__Action item__
Leave the pictures out, and transcribe the material below exactly from the line with "LUM INT/SOB LED" to the line with "Twitter Logo Changed: ट्विटरचा", both lines included.

__Provided information__
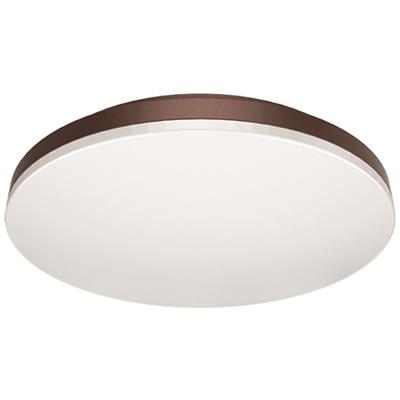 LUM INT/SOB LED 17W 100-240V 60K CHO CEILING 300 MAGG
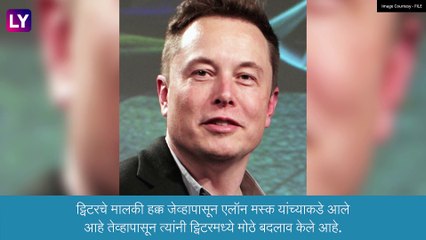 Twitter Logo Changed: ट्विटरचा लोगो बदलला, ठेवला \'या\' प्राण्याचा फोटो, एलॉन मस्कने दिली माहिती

* * *

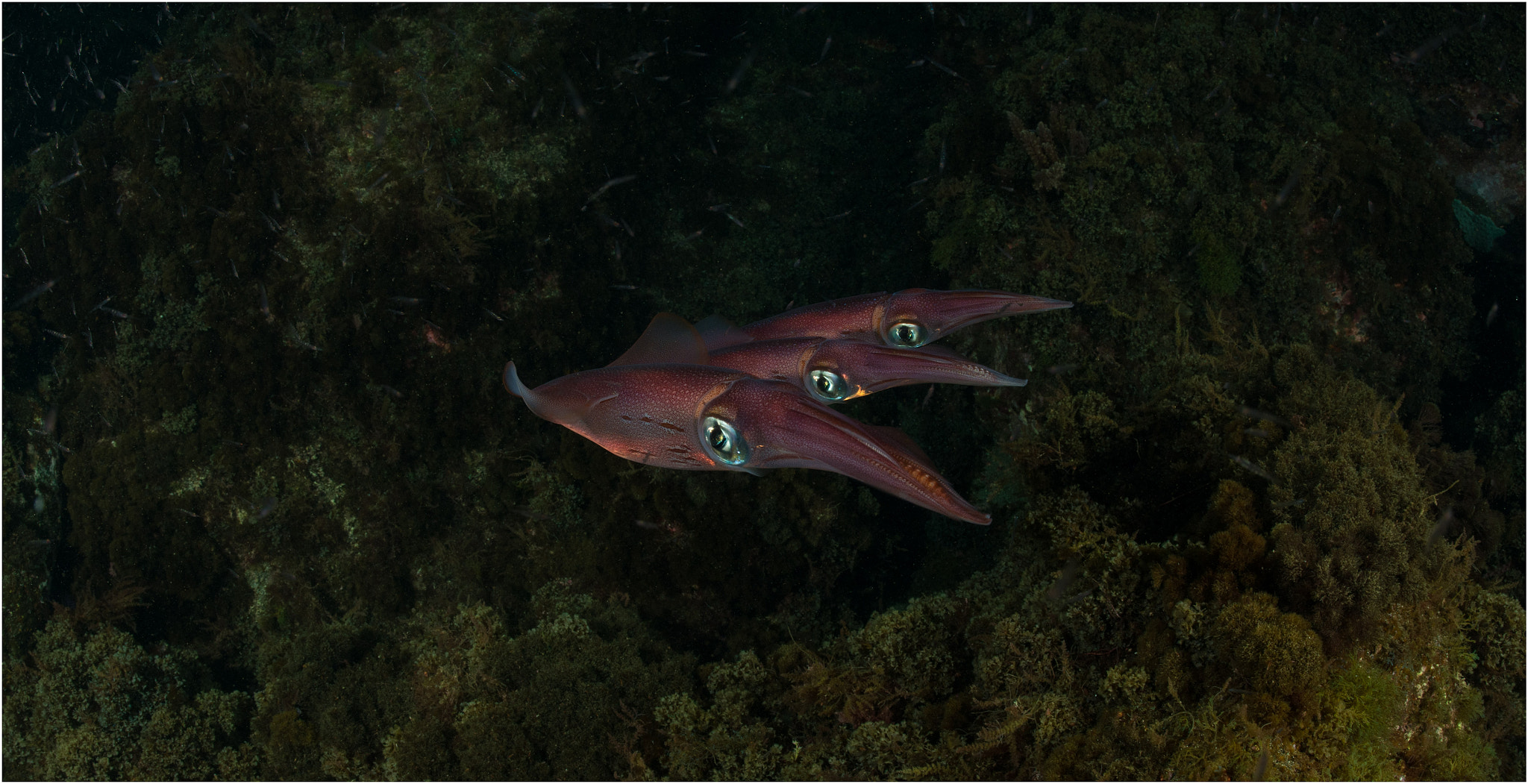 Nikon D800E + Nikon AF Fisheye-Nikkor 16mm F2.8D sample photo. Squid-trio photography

__Task response__
 LUM INT/SOB LED 17W 100-240V 60K CHO CEILING 300 MAGG
 Twitter Logo Changed: ट्विटरचा लोगो बदलला, ठेवला \'या\' प्राण्याचा फोटो, एलॉन मस्कने दिली माहिती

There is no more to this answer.